Higher Disposal Gains on Investments and Property Drive 9M19 Profits

Tune reported a 9M19 headline net profit of RM40m (+3.9% yoy), though on a normalized basis, net profit declined by 2% yoy to RM37.7m (ex-disposal gain of RM2.3m on a property recognized in 3Q19). Tune saw an underwriting loss of RM1.3m in 3Q19, but this has narrowed from a RM5.4m loss in 2Q19. Altogether, Tune’s 9M19 underwriting profit declined by 72.7% yoy as the group net earned premium declined by 13.8% yoy on the back of: i) reduced exposure to the motor segment (which was a conscious move to lower its claims); and ii) the negative impact on travel insurance policy sales due to a change in AirAsia’s webpage layout.
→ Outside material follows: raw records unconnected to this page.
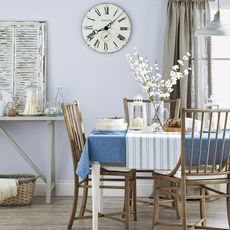 dining room with blue coloured and dining table 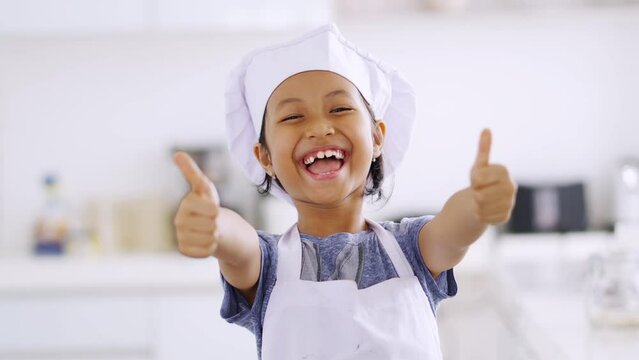 Cheerful little girl showing thumbs up in kitchen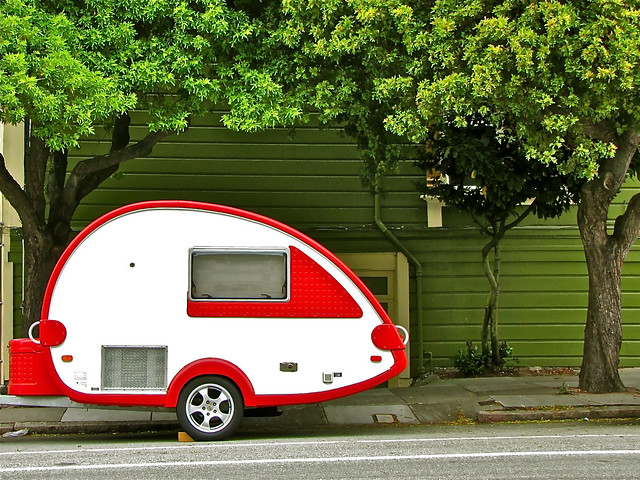 Red and white travel trailer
Earnings Forecast Cuts of 23%/35.8%/35.2% for 2019/20/21

As we revise down our gross written premium (GWP) growth assumptions to -12.3%, -3% and +3% for 2019E-21E, we lower our earnings forecasts by 23%/35.8%/35.2% respectively. Our assumptions on the net claims ratios and management expense ratios are unchanged at circa 36-37% and 42- 45% respectively.

Downgrade to HOLD (from BUY), With Revised TP of RM0.55

We lower our 12-month target price from RM1.10 (at a FY20E P/BV multiple of 1.36x) to RM0.55 (at a FY20E P/BV multiple of 0.7x), and downgrade our rating from BUY to HOLD. Upside risks: i) better-than-expected expansion in Indonesia, Vietnam and Thailand; ii) optimisation of the Dynamic Pricing 2.0 initiative; and iii) the launch of more innovative insurance products. Key downside risk: further weakness in the GWP.